It is a small photograph in a large grouping that first hits the eye.
It shows the 369th Infantry Regiment -- 1,300 black men and 18 white officers out of 19 -- marching up Fifth Avenue. They are on the way home to Harlem on Feb. 17, 1919, three months after the Armistice. They were among 80,000 American blacks sent to Europe.
They were chosen as the appropriate introduction to the multimedia exhibition called "The Renaissance: Black Arts of the Twenties," which opened yesterday at the Smithsonian's little Anacostia Neighborhood Museum.
Militarily, the 369th was remarkable. They had spent 191 unbroken days in the trenches. The French called them "Hell Fighters" and showed their esteem by choosing the 369th to lead the march on the Rhine.
A French star and palm gleamed from the chest of Sgt. Henry Johnson. It was the Croix de Guerre, and Johnson had been the first American to win one. In battle, he had run out of ammunition, then killed four of the enemy with a knife and captured another 22.
Among the French, though, the 369th's band, under Lt. "Big Jim" Europe (the only black officer), was almost as celebrated as the fighters -- its jazz rubbing off on the likes of Ravel, of Milhaud, of Stravinsky more than half a decade before Gershwin brought jazz into American concert halls with "Rhapsody in Blue." The regimental drum major was, no less, Bill (Bojangles) Robinson.
At 60th Street and Fifth Avenue, there was a reviewing stand, with New York Gov. Alfred E. Smith the ranking dignitary. But the reception was humiliatingly less than what it would be in today's world. The City Council had refused to observe an official holiday, and Mayor John F. Hylan had found it convenient to vacation in Florida.

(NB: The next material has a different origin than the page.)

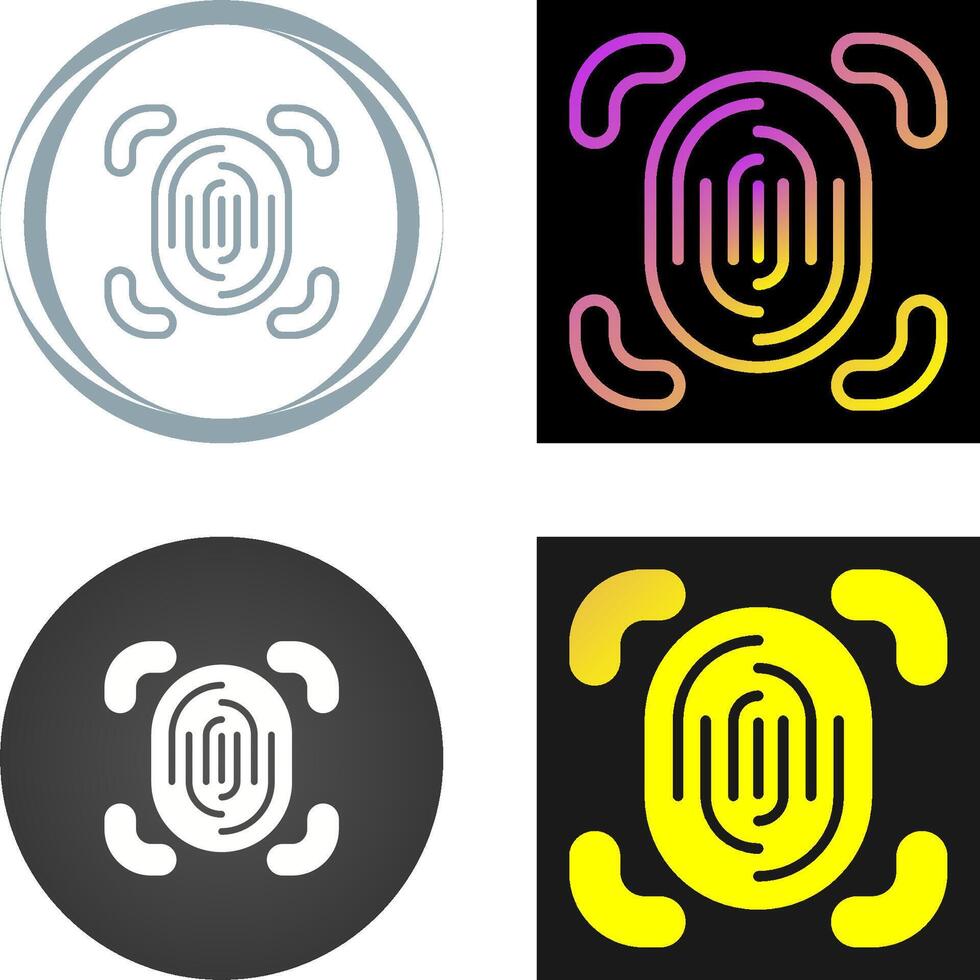 Fingerprint Scanner Vector Icon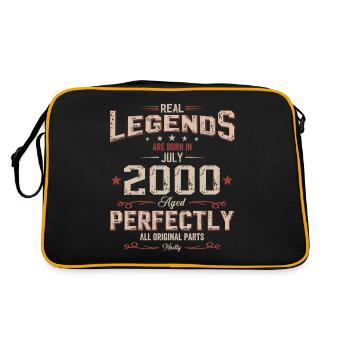 25ème anniversaire cadeau mari Original juillet 2000 - Sac Retro - noir/or - Dos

But these black men returned forever changed. "They had come," observes David Levering Lewis, author of "When Harlem Was in Vogue," "as thousands of other returning Afro-American soldiers came, with a music, a life style, and a dignity new to the nation -- and soon to pervade it."
The Harlem Renaissance show will be the last one at the Anacostia museum before it leaves its home of 18 years for a new building at Fort Stanton Park. The show is dramatic more for the period of history that it commemorates than for the objects on display themselves.
In fact, that large grouping of snapshots at the opening -- from the marching troops to a charming photo of poet Langston Hughes, who has turned out to be the most enduring black artist of the period, drinking with Wallace Thurman, the writer who died tragically young -- does as much as anything to set the tone of the age, its "vogue," as Lewis aptly called it.
"This stuff on display needs context like this if it is to mean much to the viewer," explains Rebecca Welch, the former Smithsonian curator who organized the show. "One of the fascinating things about the period is the way everything overlaps. It was a small crowd, in a given time [from the end of the war to the Depression] And, unlike now, the musicians, for instance, would know a Du Bois [W.E.B. Du Bois, the brilliant polemicist], and vice versa. To understand the subject today, you have to know a bit about the personalities."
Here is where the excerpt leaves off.